Amid Faljaoui

Des drones dans le ciel, des millions sur la table

Depuis une semaine, notre ciel belge fait parler de lui. Des drones non identifiés ont survolé plusieurs bases militaires et même l’aéroport de Bruxelles. Des vols annulés, des passagers bloqués, un gouvernement en alerte maximale. Le résultat financier ne s’est pas fait attendre : 50 millions d’euros débloqués en urgence pour renforcer la protection du territoire. La Défense va acheter des fusils anti-drones et des brouilleurs électroniques.

Avant d’aller plus loin, précisons qu’un fusil anti-drones, ce n’est pas une arme à feu. C’est un dispositif qui envoie des ondes radio pour couper la communication entre le drone et son pilote.

Le drone perd le signal, s’immobilise ou retourne d’où il vient. Quant au brouilleur, lui, il agit plus largement : il crée un champ électromagnétique qui empêche les drones d’utiliser le GPS ou les fréquences radio. En clair : on ne tire pas sur le drone, on le déconnecte.

Le drone, nouvelle variable économique

Depuis la guerre en Ukraine, le drone est devenu un acteur central : à la fois outil d’espionnage, de surveillance, voire d’intimidation. Et quand ces appareils rôdent au-dessus d’un aéroport, c’est toute une économie qui s’arrête. Chaque minute de fermeture coûte des centaines de milliers d’euros : vols annulés, fret bloqué, logistique paralysée. Le drone est aussi un risque économique, une faille dans un système économique bâti sur la vitesse et la continuité.

“Protéger un aéroport pour 10 millions, c’est possible”. C’est Oleg Vornik, PDG de DroneShield, qui le dit à nos confrères de L’Echo. Cette société australienne est devenue un géant mondial de la lutte anti-drones. Selon lui, un aéroport peut être entièrement sécurisé pour 5 à 10 millions d’euros, en combinant radars spécialisés, capteurs radio, caméras et intelligence artificielle. Et pour donner un ordre de grandeur : le coût total d’un tel dispositif équivaut à celui d’une seule fermeture d’aéroport. “L’investissement est donc rentabilisé dès la première attaque évitée”, dit-il malicieusement. Le principe : créer une bulle de protection où chaque drone est détecté en temps réel, un peu comme sur une carte interactive. Et surtout, localiser le pilote : neutraliser la “main”, pas seulement la machine.

La Belgique en rattrapage

Pour l’instant, la Belgique part de loin. Ses radars, conçus pour les avions de ligne, ignorent souvent les petits engins en plastique.
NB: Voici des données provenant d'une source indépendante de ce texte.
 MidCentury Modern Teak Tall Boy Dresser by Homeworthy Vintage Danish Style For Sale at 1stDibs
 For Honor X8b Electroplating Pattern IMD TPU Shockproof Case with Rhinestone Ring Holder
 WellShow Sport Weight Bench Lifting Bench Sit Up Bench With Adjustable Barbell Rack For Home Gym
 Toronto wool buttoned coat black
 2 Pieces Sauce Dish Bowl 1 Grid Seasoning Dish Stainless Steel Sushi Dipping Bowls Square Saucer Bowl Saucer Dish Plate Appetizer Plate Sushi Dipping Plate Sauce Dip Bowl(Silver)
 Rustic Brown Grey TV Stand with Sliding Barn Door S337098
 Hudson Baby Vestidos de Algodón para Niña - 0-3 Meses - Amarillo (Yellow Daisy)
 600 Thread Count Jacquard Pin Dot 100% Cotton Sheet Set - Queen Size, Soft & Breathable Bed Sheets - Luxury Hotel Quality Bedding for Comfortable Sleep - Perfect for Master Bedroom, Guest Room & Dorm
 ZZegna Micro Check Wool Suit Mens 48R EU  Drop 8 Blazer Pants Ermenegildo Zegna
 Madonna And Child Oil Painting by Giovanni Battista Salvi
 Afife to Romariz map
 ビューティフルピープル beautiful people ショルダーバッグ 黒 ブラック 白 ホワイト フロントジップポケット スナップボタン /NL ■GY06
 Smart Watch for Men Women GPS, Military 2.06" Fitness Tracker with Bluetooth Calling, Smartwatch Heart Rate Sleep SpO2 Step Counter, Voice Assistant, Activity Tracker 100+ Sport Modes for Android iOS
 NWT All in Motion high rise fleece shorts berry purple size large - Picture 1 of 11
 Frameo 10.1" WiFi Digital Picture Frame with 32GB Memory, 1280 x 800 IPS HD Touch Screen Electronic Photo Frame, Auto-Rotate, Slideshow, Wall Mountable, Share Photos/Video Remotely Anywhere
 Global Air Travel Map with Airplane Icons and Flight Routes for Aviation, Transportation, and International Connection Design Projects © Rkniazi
Et les capteurs radio se perdent dans le bruit des fréquences : wifi, 4G, 5G… Résultat : les drones passent sous les radars, au sens propre. Et face à cette faiblesse, le gouvernement veut aller vite, quitte à bousculer les règles. L’Inspection des finances réclame un appel d’offres classique ? Le ministère de la Défense lui a déjà répondu : “trop lent, la menace est là.” Oui, sauf que sans véritable coordination entre armée, police et aviation civile, ces 50 millions risquent d’acheter des outils sans stratégie. Mais bon, l’urgence réelle ou supposée prime sur toute autre considération.

La sécurité, un investissement rentable

Ces survols rappellent que la sécurité n’est plus une dépense : c’est un investissement. La raison ? Protéger nos aéroports, nos ports ou nos data centers, c’est protéger la fluidité du commerce, la réputation du pays et la confiance des investisseurs. Et en Belgique, l’enjeu est encore plus stratégique car notre pays gère près de 185 milliards d’euros d’avoirs russes gelés via la banque Euroclear, basée à Bruxelles.

C’est d’ailleurs cette position centrale qui fait grincer des dents à Moscou : et donc, clairement, ces survols de drones ressemblent à une manière pour la Russie de narguer la Belgique, sur son propre territoire.

Contrôle du ciel

Au final, ces drones anonymes posent une question très concrète : combien vaut le contrôle de notre ciel ? À l’heure où un simple drone peut clouer un pays au sol, les fusils anti-drones et les brouilleurs ne sont plus des gadgets futuristes. Ce sont les nouveaux garde-fous d’une économie entrée en mode “guerre hybride”.